He died in 1999 aged 56.

Milk and Honey starts with a guitar coda that sounds like George Harrison’s While My Guitar Gently Weeps.  The violin mourns in a softer Folk style.

Acevedo sings in a clear and controlled Folk manner without any affectations.

Cover Me in Roses is the second Frank song. It is quite a beautiful Country Rock number.

The Tuning Fork was a little underfilled this evening. It was a genuine Folk audience tonight, who were quiet and respectful, and the music was presented without any background chatter. So much so that Harvey felt distracted by the overhead fans.

New Zealand Day holiday could be partly responsible.
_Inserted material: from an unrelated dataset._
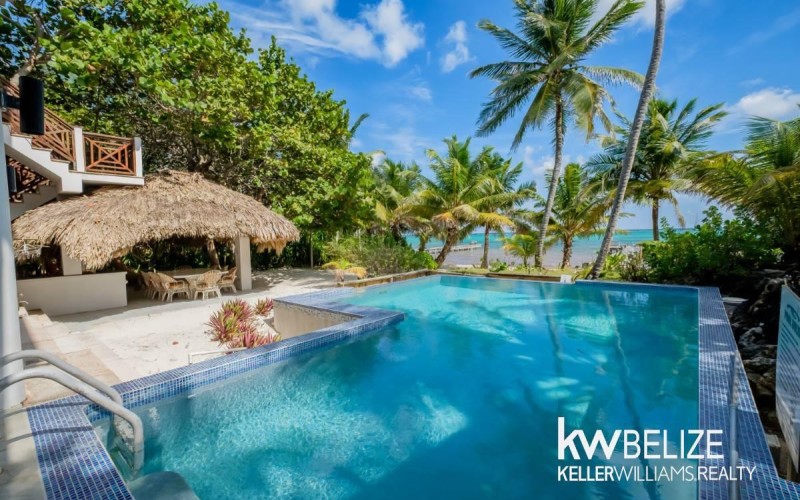 Exquisite Seafront Luxury Estate and Thriving Hospitality Business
Unicornio written by Silvio Rodriguez, the duo has adapted as The Blue Unicorn. An unusual version as they sing in both Spanish and the English translation. It becomes a call-and-response. Harvey sounds stark, Acevedo is softer and mellifluous. The violin plays with smooth and abrasive textures.

Rodriguez has been honoured as the best Cuban composer of the 20th century by the nation. Along with Ernesto Lecuona.

Motte is the artist’s handle for Anita Clark.

She is from Christchurch, and she has played in the Folk band the Eastern. She is a virtuoso violinist and is an in-demand player for many of the top New Zealand acts. Marlon Williams, Don McGlashan, Delaney Davidson, Nadia Reid amongst them.

Motte, the German name for moth, came to her after she recorded most of the material of her first album in one session.

She uses loop tracks to build an accompanying rhythm or coda from her instrument. Oriental tones emerge. There is the air of creepy suspense of horror movies.

Her music is cinematic. She uses natural sounds like leaves, stones and pebbles rustling to incorporate different textures.

All the while you hear different melodies in counterpoint from her violin.

The cinematic nature did remind me of another take on Post Rock, and the band that played here a few days ago, Russian Circles.

She plays a theremin, which is wonderful. I get flashes of what an AI voice could be. The music coming from the electric field could be large birds of prey, or whales singing.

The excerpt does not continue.